Anonymous Monk has asked for the wisdom of the Perl Monks concerning the following question:

Dear Monks,

I want to write a -d: debugger that "knows" when variables are being modified.
I have seen the "watch" code in perl5db.pl, but I also want to catch cases when hashes/arrays/references get changed, so it doesn't help me.

How can it be done?
(Is it even possible to do it?)

Thanks.

Replies are listed 'Best First'.
Re: Knowing when variables change?
by davido (Cardinal) on Oct 24, 2004 at 16:37 UTC

    A not-so-difficult approach is to create a few tie classes, for arrays, scalars, hashes, and even filehandles if you wish. The classes should either log, or carp whenever a tied variable is modified.

    You won't be tieing every variable in your script (probably), but you can easily tie a few important (or suspect) ones.

    I posted a node with example code for tieing a scalar for the purpose of watching its access here: Re: Trapping acces to variables in-code.
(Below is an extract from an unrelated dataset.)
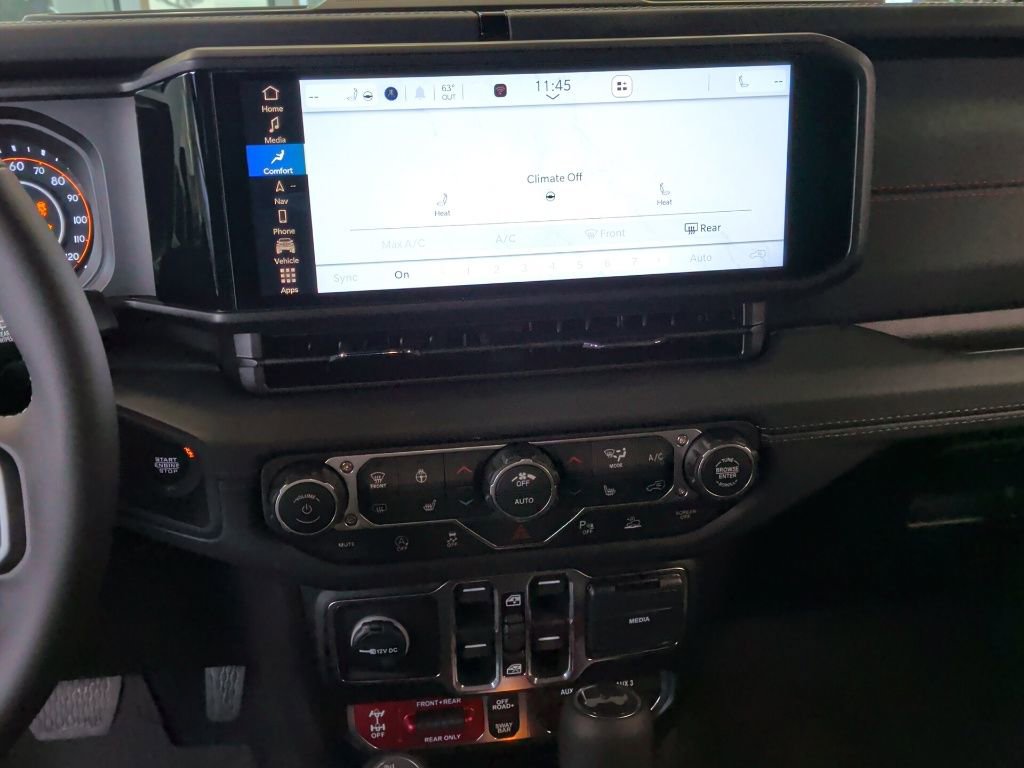 New 2026 Jeep Wrangler Unlimited Rubicon image 22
The example can easily be used as a starting point for hashes and arrays too.


    Dave

      I generally need to know about all my variables.
      How would tie affect the performance of my script?

        tie would affect performance of the script, especially if you tie every variable in it. Plus, there is no way to automatically tie every variable either. The problem is lexicals; you can't override my to coerce it into calling the tie constructor. So you'll have to manually tie every variable you're interested in. If you're interested in every variable, tie them all. But expect that to be a drag on the script's performance. The performance hit comes from the fact that variable access will now have all this extra work attached to it. You can't escape that.

        One strategy is to use a debug flag. If the script is invoked with the -tie flag (for example), your code would go ahead and tie every variable that you set up to do so. And if the script isn't invoked with the -tie flag, your script would skip the code that ties the variables you need to watch. That's just a matter of you coming up with the proper logic to make that happen.

        Is it possible that your problem has some other solution? What exactly are you really trying to do, that is requiring you to watch every single variable in the script?